La carta VIII  fue escrita pocos meses después que la anterior y en ella Platón intenta mediar entre los partidarios del asesinado Dión entre los que está Hiparino, sobrino de éste porque era hijo de Dionisio I y los partidarios de Dionisio II, a la postre su hermano.
Aconseja que hay que dejar de lado el cínico principio de “hacer el máximo de daño a los enemigos y el máximo bien a los amigos” para ir en busca de la concordia interior. “Recomendaría que hay que evitar la tiranía y transformar su poder en reino si fuera posible... la ley tiene que llegar a ser reina entre los hombres y no los hombres tiranos de las leyes”…”Hay que evitar la vida de relajación que viven los sicilianos en la que gobernaban a sus gobernados” Uno de los males de la democracia es que los gobernantes estuvieran dirigidos por los gobernados. Hoy pasa eso con los mass media que terminan, por condicionamiento mediático, gobernando a los que deben gobernar. Así les fijan la agenda cotidiana y les elaboran el discurso políticamente correcto.
Llegamos finalmente a la carta X, la última de todas. Es una breve esquela de sesenta palabras. Está dirigida a un tal Aristodoro, amigo íntimo de Dión, a quien felicita por su firmeza, lealtad y sinceridad, “que es lo que yo afirmo, que constituyen la verdadera filosofía”.
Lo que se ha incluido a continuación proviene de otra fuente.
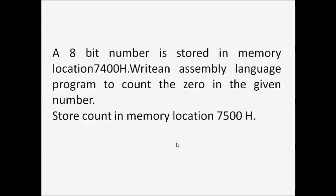Good morning friends, today we are going to the next practical. The aim is: an 8-bit number is stored in memory location 7400H. Write an assembly language program to count the zeros in the given number and store the count in memory location 7500H.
Interpretación politológica

Vimos como Platón confiesa haberse iniciado en política, alrededor de los veinte años, como asesor de uno de sus parientes que integraba el régimen de los Treinta Tiranos. Un régimen oligárquico que reemplazó a la democracia ateniense luego de la Guerra del Peloponeso tras la rendición de Atenas. De los Treinta el tío de Platón, Crítias, era considerado el oligarca más extremista. Su gobierno duró menos de un año en el 404 a.C. pero produjo la matanza del 5% de la población y la confiscación de los bienes de los ciudadanos demócratas.
Platón tras esta experiencia, rondando ahora los veintitrés años, se incorpora de lleno a trabajar con Sócrates hasta los veintiocho (399 a.C.), fecha en que es condenado a muerte; pero lo es por los demócratas que suceden a los tiranos. Es decir que Platón, al colaborar con los tiranos y su maestro ser muerto por los demócratas queda en una situación muy delicada en Atenas. De hecho se le cerraron todas las puertas para hacer política.   
Al no poder hacer política ateniense se dedica a la política de otras ciudades-Estado de la hélade: Siracusa, Tarento, Atarnea, varias en Macedonia, etc. Ciertamente que la principal en su intento de realización fue Siracusa, como lo muestran estas cartas. Siendo además, su principal fracaso.
¿Qué lección nos deja esta experiencia?: la de zapatero a tus zapatos. Esto es, los filósofos o aquellos que intentamos hacer filosofía tenemos que dedicarnos ello, sin más. Pues en nuestras incursiones en política somos usados y hacemos el papel de papanatas ante los políticos que nos piden consejos y terminan haciendo otra cosa.
Esto no quiere decir que dejemos de hacer política, vocación connatural al hombre de bien, pero sepamos de antemano que seremos utilizados como lo fue Platón por los Dionisios.


Post scriptum:

Para entender a Platón uno puede leer todos los estudiosos y eruditos desde mediados del siglo XIX hasta el presente, empezado por el léxico de Friedrich. Ast (1838),  y siguiendo por Lewis Campbell (1867),  Lutoslawski (1897), Wilamowitz, Cornford, Zeller, Arnim, Gomperz, Dummler, Raeder, Ritter, Leisegang, Praechter, Shorey, Taylor, Crombie, Ross, Schuhl, Friis Karsten, Christ, Guthrie, A.Taylor, H.Cherniss,Crombie, Robin, Stenzel, Wilpert , Krämer, Gaiser, Findlay, Finley, Szlezák, Kutschera, Reale, Pasquali, Howald, Geffcken, Gulley, Aalders, Bluck, Caske, G.Muller, L. de Blois, Tovar, Colli, Souilhé, Shorey, Lovejoy, Eggers Lan, Brisson, Rossetti, García Gual, LLedó Iñigo o el Word Index to Plato de Brandwood,
Pero nada reemplaza la lectura detenida del texto platónico. Manuales hubo y los habrá excelentes, pero solo deben tomarse como guía de una lectura personal y meditada. Platón no es un filósofo para exponer sino para meditar.